[Short descriptive text snippets]
::::::::::
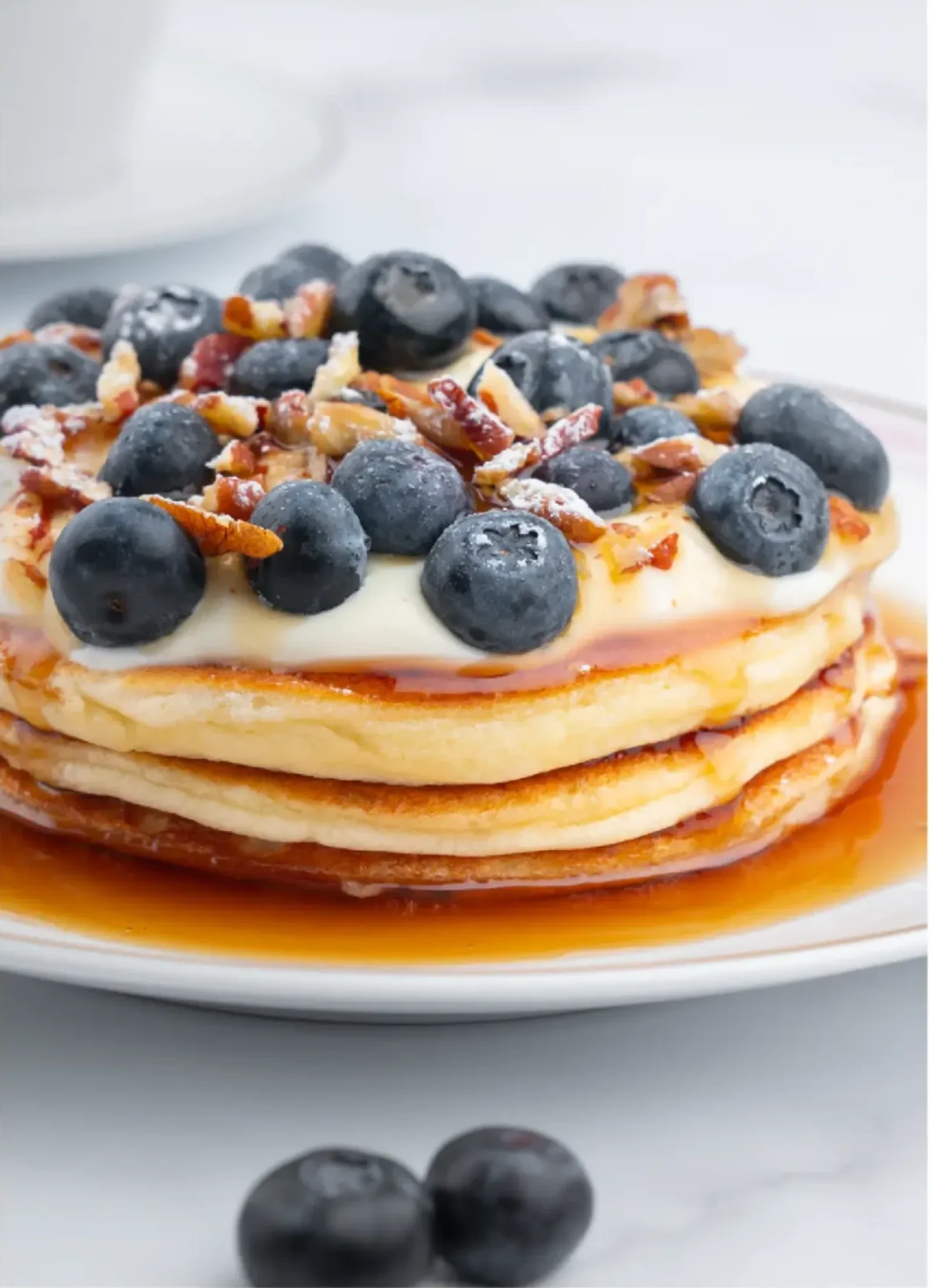A stack of pancakes topped with blueberries and cream.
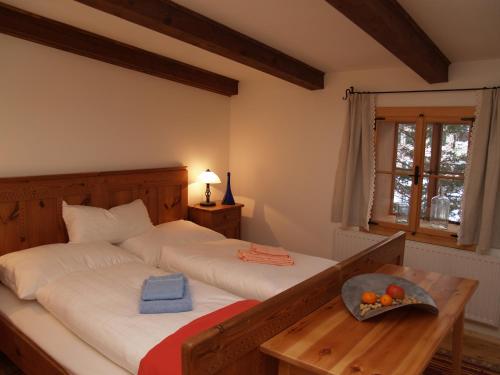 A bed or beds in a room at Apartments Stegmühle
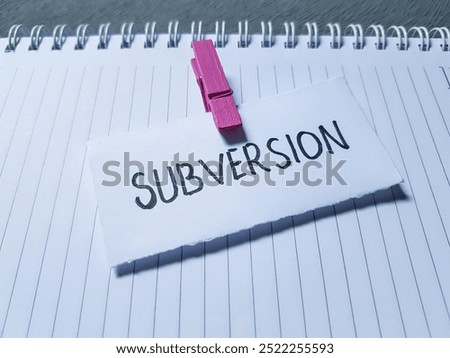 Subversion writting on paper background.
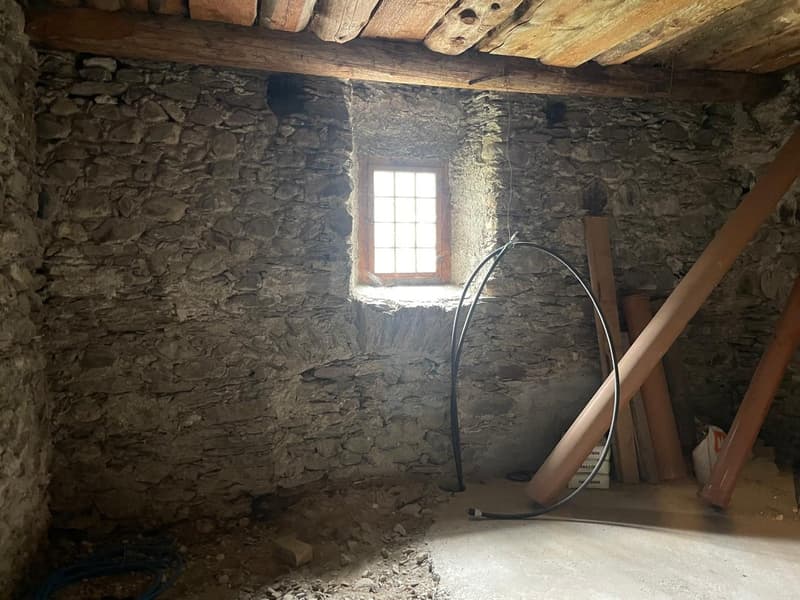 stone walls, small window, wooden beams, wires and pipes on the floor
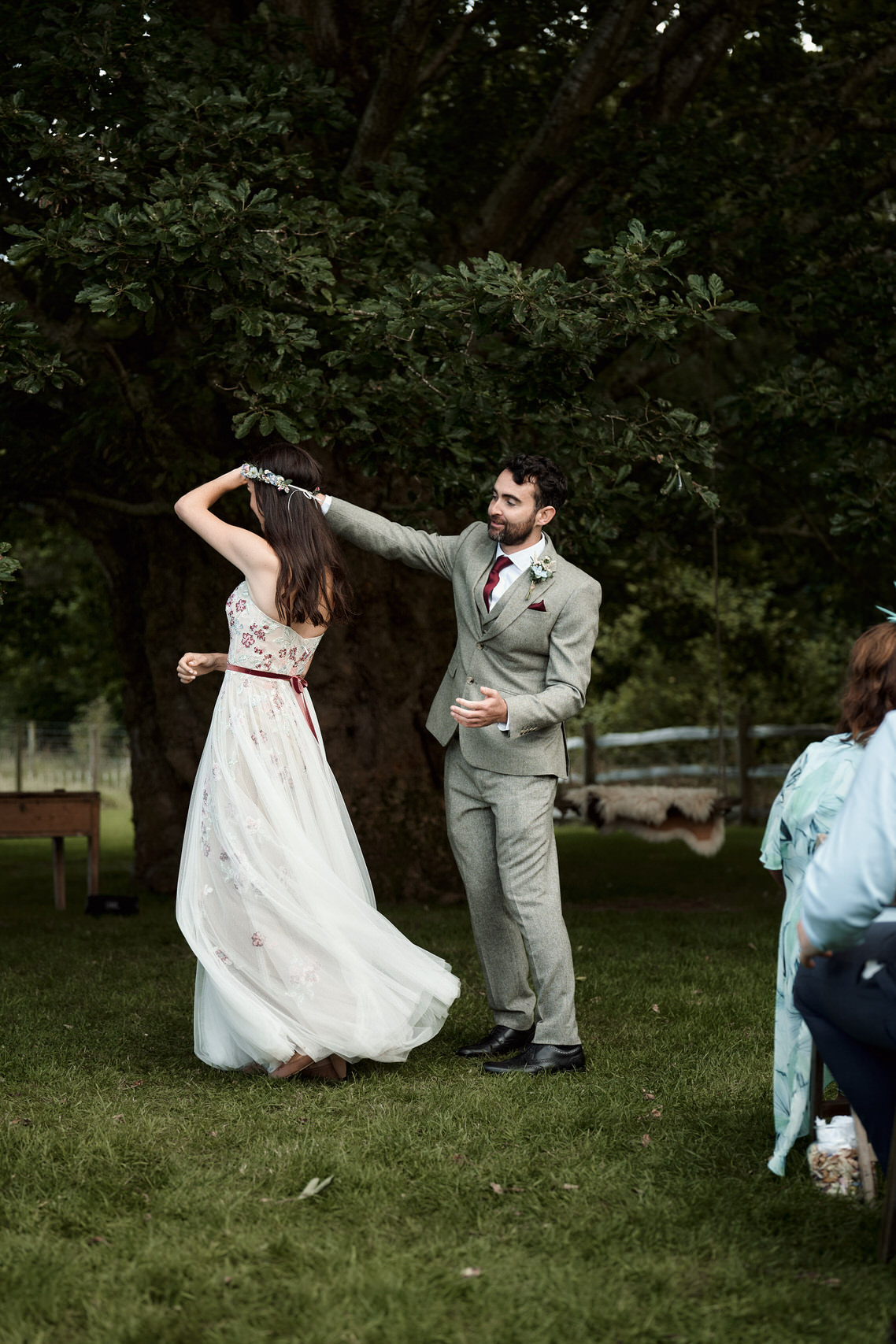 A couple getting married is dancing in front of a tree.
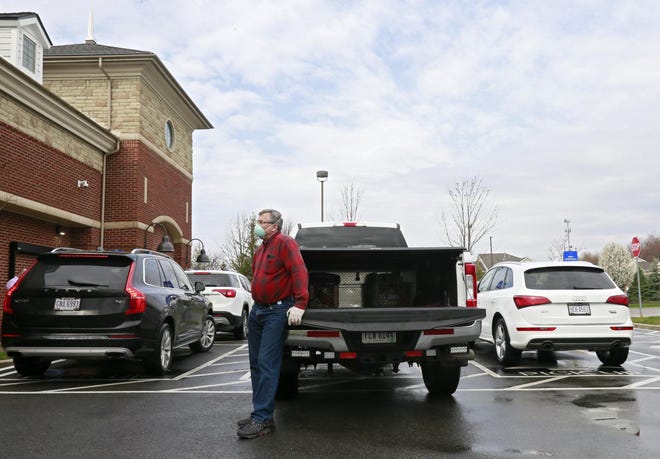 Customer Ray Klosz of Powell waits for his order in the grocery pickup area at the Kroger Marketplace on Sawmill Road in Dublin. [Barbara J. Perenic/Dispatch]
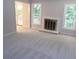 Living room with fireplace, neutral walls, carpet, and doors to outside deck at 2482 Northlake Ct, Atlanta, GA 30345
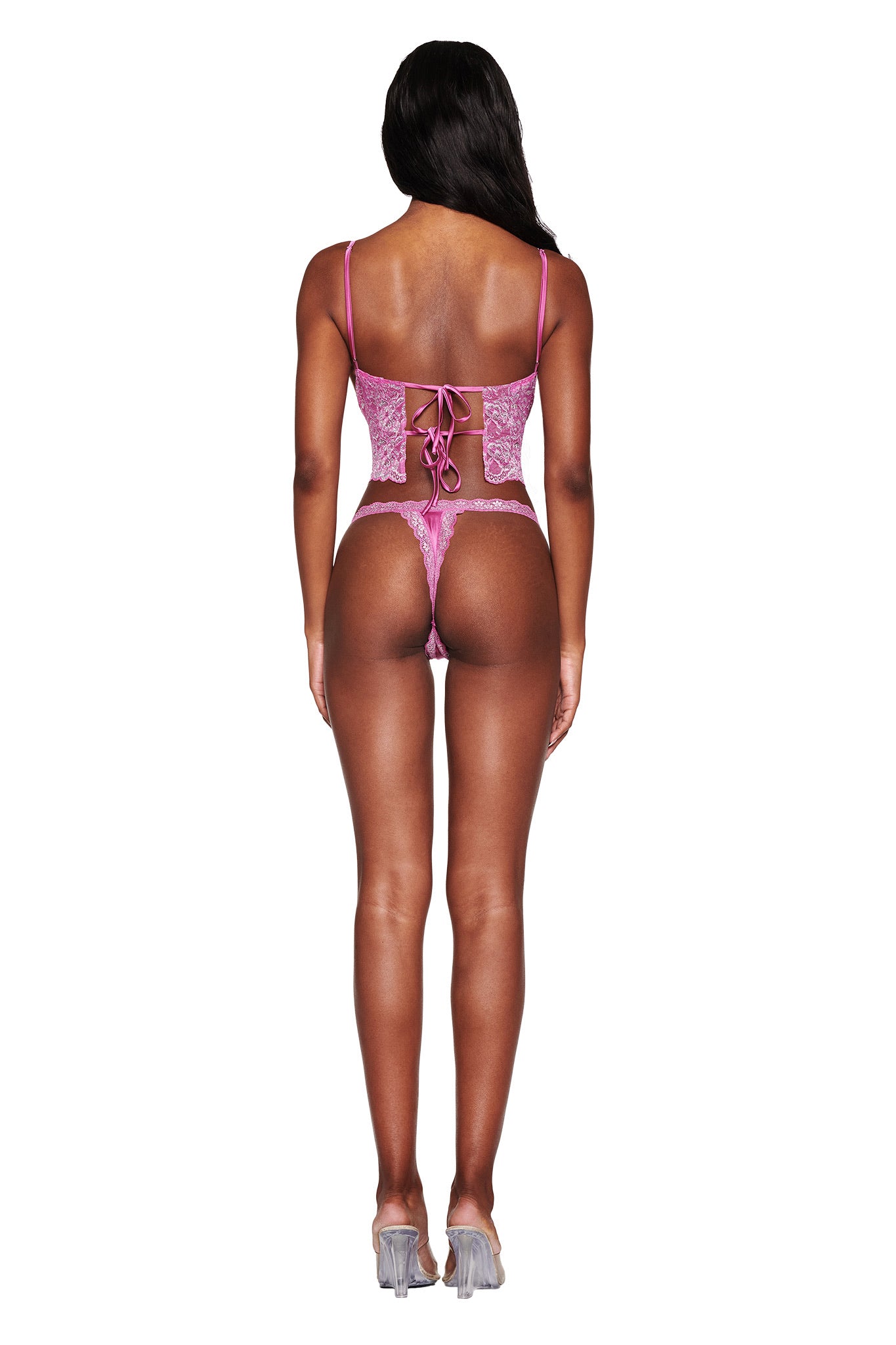 A person is seen from the back wearing the LOLO METALLIC SET - MAGENTA by I.AM.GIA, featuring a magenta metallic lace corset with adjustable straps and ribbon details, paired with a matching low rise thong, standing on a white background.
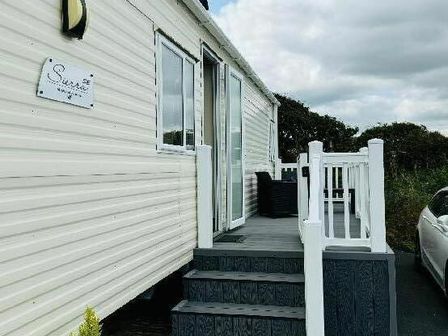an entrance with steps leading up to a caravan at Liskey Hill Caravan Park - Holiday Accommodation 20540, Perranporth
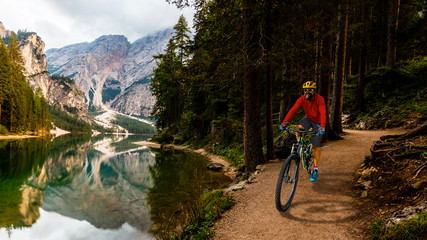 Tourist cycling in Cortina d'Ampezzo, stunning rocky mountains on the background. Man riding MTB enduro flow trail. South Tyrol province of Italy, Dolomites.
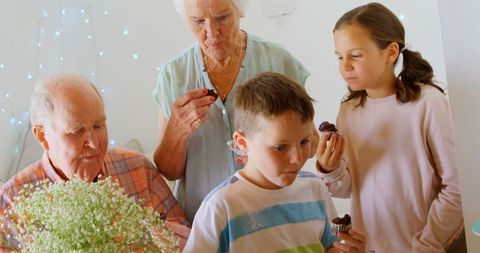 Multi-Generation Family Enjoying Cupcakes Together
::::::::::
WORK TASK
Retype the line containing "A bed or beds" and each line after it through the last line of the entries above, exactly, with no pictures and nothing else.

FINAL ANSWER
 A bed or beds in a room at Apartments Stegmühle
 Subversion writting on paper background.
 stone walls, small window, wooden beams, wires and pipes on the floor
 A couple getting married is dancing in front of a tree.
 Customer Ray Klosz of Powell waits for his order in the grocery pickup area at the Kroger Marketplace on Sawmill Road in Dublin. [Barbara J. Perenic/Dispatch]
 Living room with fireplace, neutral walls, carpet, and doors to outside deck at 2482 Northlake Ct, Atlanta, GA 30345
 A person is seen from the back wearing the LOLO METALLIC SET - MAGENTA by I.AM.GIA, featuring a magenta metallic lace corset with adjustable straps and ribbon details, paired with a matching low rise thong, standing on a white background.
an entrance with steps leading up to a caravan at Liskey Hill Caravan Park - Holiday Accommodation 20540, Perranporth
 Tourist cycling in Cortina d'Ampezzo, stunning rocky mountains on the background. Man riding MTB enduro flow trail. South Tyrol province of Italy, Dolomites.
 Multi-Generation Family Enjoying Cupcakes Together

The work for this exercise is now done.